Penyakit Trikomoniasis adalah merupakan infeksi pada saluran urogenital yang dapat bersifat kronis atau akut dan merupakan penyakit menular seksual yang disebabkan oleh sebuah parasit. Trikomoniasis. Penyakit ini pada umunya tidak memiki gejala khusus sehingga sulit untuk di diagnosis sejak dini. Tapi pada beberapa keadaan penyakit trikomoniasis akan menunjukkan gejala.

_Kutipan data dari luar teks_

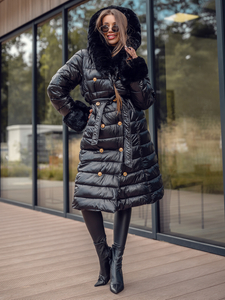 Черно дълго дамско зимно капитонирано яке с качулка Bolf 5M3160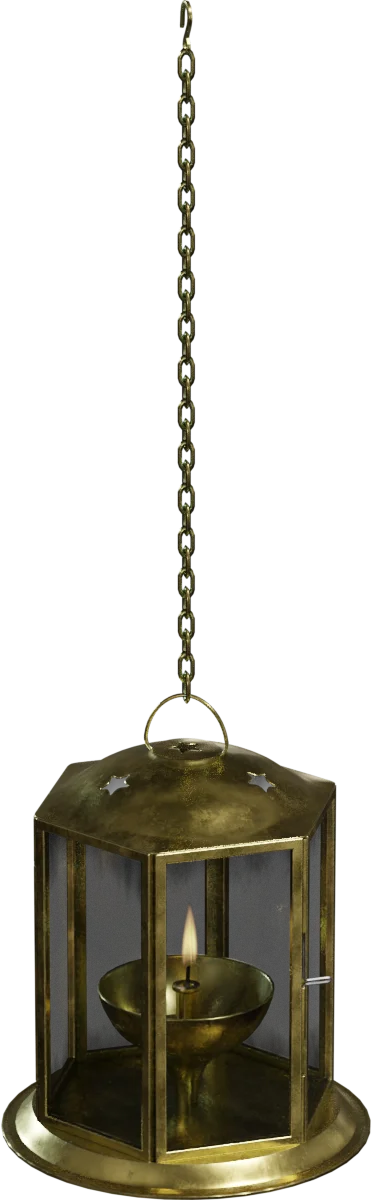 Antique Brass Hanging Diya Lantern with Chain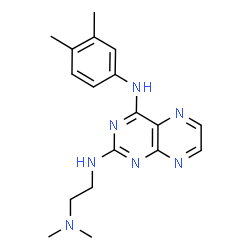 ChemSpider 2D Image | N~2~-[2-(Dimethylamino)ethyl]-N~4~-(3,4-dimethylphenyl)-2,4-pteridinediamine | C18H23N7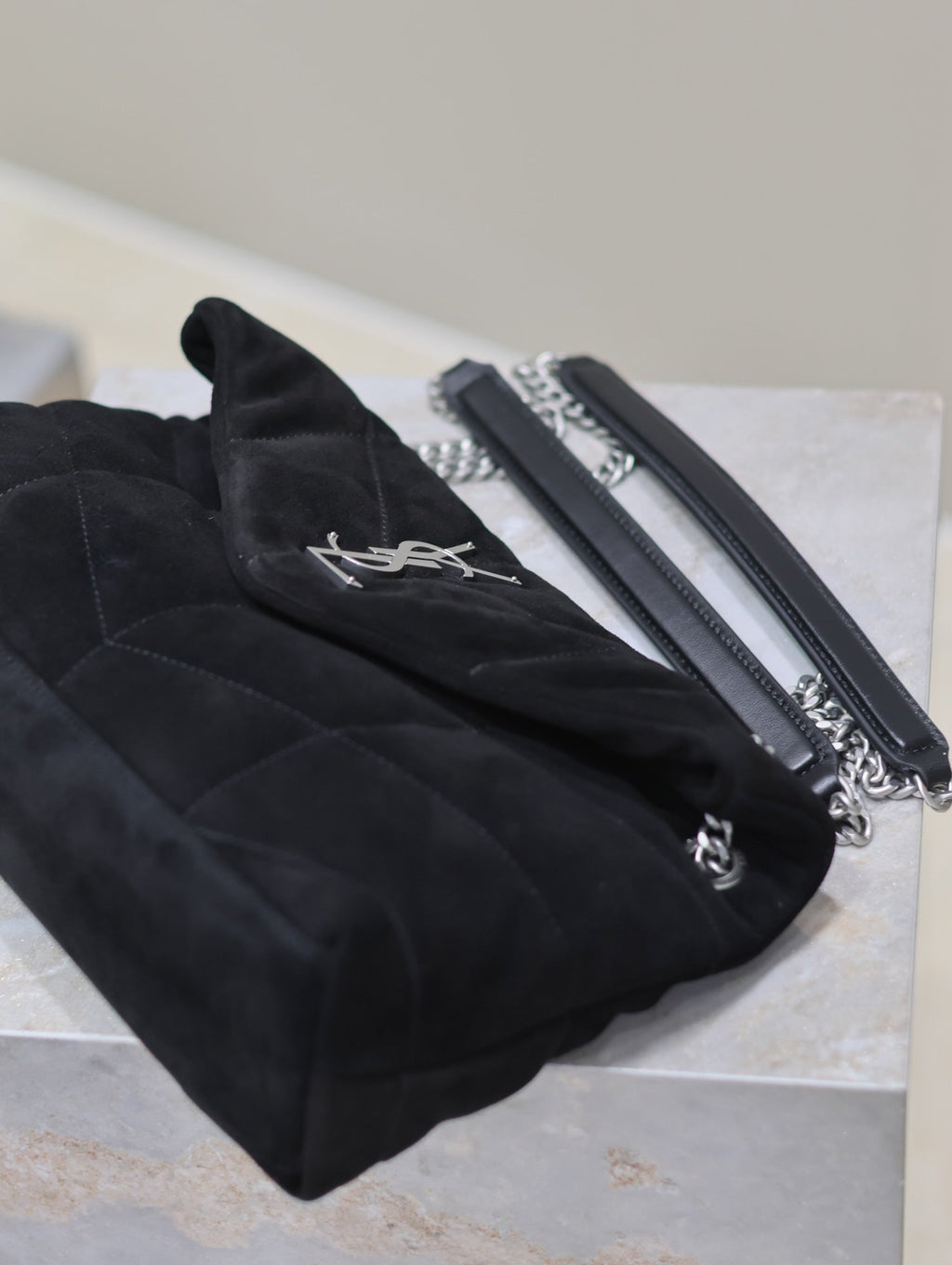 Saint Laurent Puffer Small 29 in Black Suede Silver Hardware Bag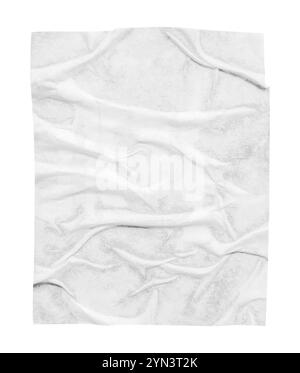 Carta bianca sgualcita e increspata per poster isolata su sfondo bianco Foto Stock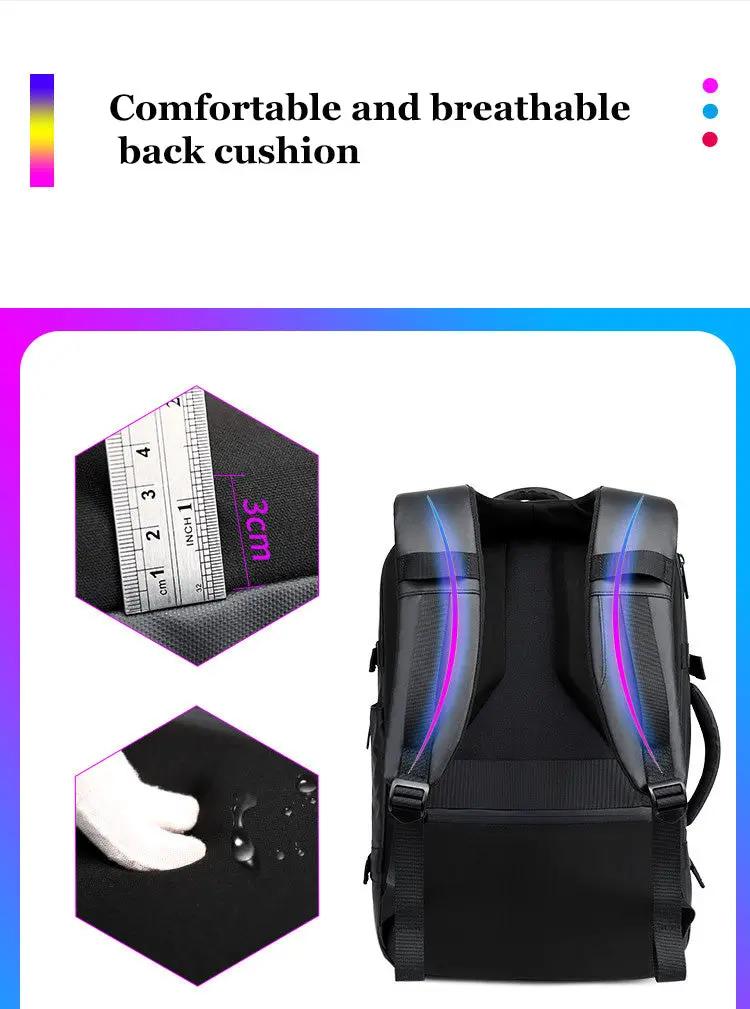 Simples Market LED display backpack, black 15.6-inch laptop backpack with LED strap accents for travel.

Beberapa keluhan akibat trikomoniasis yaitu:

Di dalam perempuan

  • Timbul rasa sakit saat melakukan hubungan awak.
  • Keputihan akut berupa busa atau berdarah.
  • Nyeri perut bagian bawah saat melancarkan hubungan seksual.

Pada laki-laki

  • Keluhan saat buang air seni.
  • Nyeri pada testis.
  • Ngilu di bagian bawah perut.

Diagnosis awal

Pada wanita yang mengalami trikomoniasis, dinding vagina dapat bersifat akut maupun kronis. Pada kasus trikomoniasis akut terlihat sekret vagina terlihat keruh kental berwarna kekuning-kuningan, kuning hijau, berbusa dan bau tidak enak. Dinding vagina juga tampak kemerahan dan sembab. Pasien yang mengalami trikomoniasis dapat juga mengalami perdarahan pasca sanggama dan nyeri pada perut bagian bawah. Bila sekret banyak yang keluar, dapat mengakibatkan iritasi pada lipat paha atau di sekitar bibir vagina. Pada kasus trikomoniasis yang kronis, gejalanya lebih ringan dan sekret vagina biasanya tidak menimbulkan bau atau busa.

Cara Penularan Trikomoniasis

Pertama, Penyakit Trikomoniasis dapat menular melalui kontak seksual.

Parasit ini ditularkan dari orang yang terinfeksi trikomoniasis kepada orang yang tidak terinfeksi, penularan terjadi bisa pada saat melakukan hubungan seks. Pada wanita, bagian yang paling sering terinfeksi trikomoniasis dari tubuh adalah saluran genital yang lebih rendah, yaitu  vagina dan vulva. Saat berhubungan intim, parasit ini biasanya ditularkan dari kelamin pria ke vagina, atau sebaliknya dari vagina ke penis, tetapi juga dapat ditularkan melalui vagina ke vagina lainnya. Hal ini tidak umum bagi parasit trikomoniasis untuk menginfeksi bagian tubuh lain, seperti kulit tangan, mulut, atau anus. Beberapa orang dapat terinfeksi trikomoniasis melalui sentuhan kulit, tapi kasusnya sangat sedikat. Hal ini bisa dipengaruhi oleh faktor-faktor seperti usia seseorang dan kesehatan atau kekebalan tubuh secara keseluruhan. Orang yang terinfeksi trikomoniasis tanpa gejala masih dapat berpotensi menularkan infeksi kepada orang lain.

Penyakit Trikomoniasis yang tidak segera mendapatkan penanganan dengan baik dapat meningkatkan resiko terjadinya penyakit menular seksual lainnya.